Читать онлайн «Записки с того света (Посмертные записки Браза Кубаса) 1974». Страница 2

Автор Машадо Ассиз

Кое-кто из нашей семьи еще жив — моя племян­ница Венансия, «лилия долин», прекраснейшая среди прекрасных дам своего времени, и отец ее Котрин, субъект довольно-таки... впрочем, не будем предвосхи­щать события; покончим прежде с пластырем.


Глава IV

НАВЯЗЧИВАЯ ИДЕЯ


Проделав изрядное количество сальто-мортале, моя идея превратилась в навязчивую. Читатель, да избавит тебя господь от навязчивых идей; лучше пусть он по­шлет тебе в глаз сучок или целое бревно. Вспомни Кавура[6] — навязчивая идея объединить Италию стоила ему жизни. Бисмарк, правда, еще не умер; впрочем, природа — дама капризная, а история — неисправи­мая кокетка. Светоний[7] представил нам Клавдия про­стаком, эдакой «тыквой», по выражению Сенеки[8], Тита же провозгласил благороднейшим из римских цезарей.
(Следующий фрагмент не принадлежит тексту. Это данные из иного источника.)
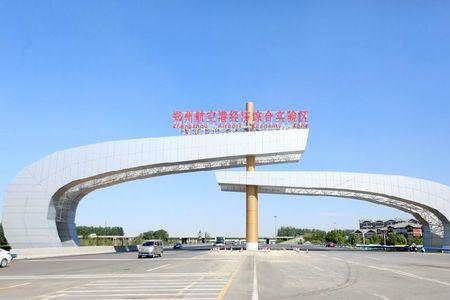 郑州航空港属于哪个区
Но вот в наше время является некий ученый муж, нашедший способ доказать, что из обоих импе­раторов воистину благодетельным был тот, кого Сенека называл «тыквой». А тебя, дона Лукреция, прекрасный цветок Борджиа, поэт[9] представил чуть ли не католи­ческой Мессалиной, но стоило появиться во всем сомневающемуся Грегоровиусу[10], и репутация твоя уже не так черна, и если не стала ты непорочной лилией, то не считают тебя уж и зловонным болотом. И поэт и ученый — оба отчасти правы.

Итак, да здравствует история, любезная история, позволяющая толковать себя как кому вздумается; возвращаясь к навязчивой идее, я прибавлю только, что именно она создает мужей сильных духом или безум­ных; идея же ненавязчивая, неустойчивая, то и дело меняющая цвет и форму, порождает Клавдиев,— так утверждает Светоний.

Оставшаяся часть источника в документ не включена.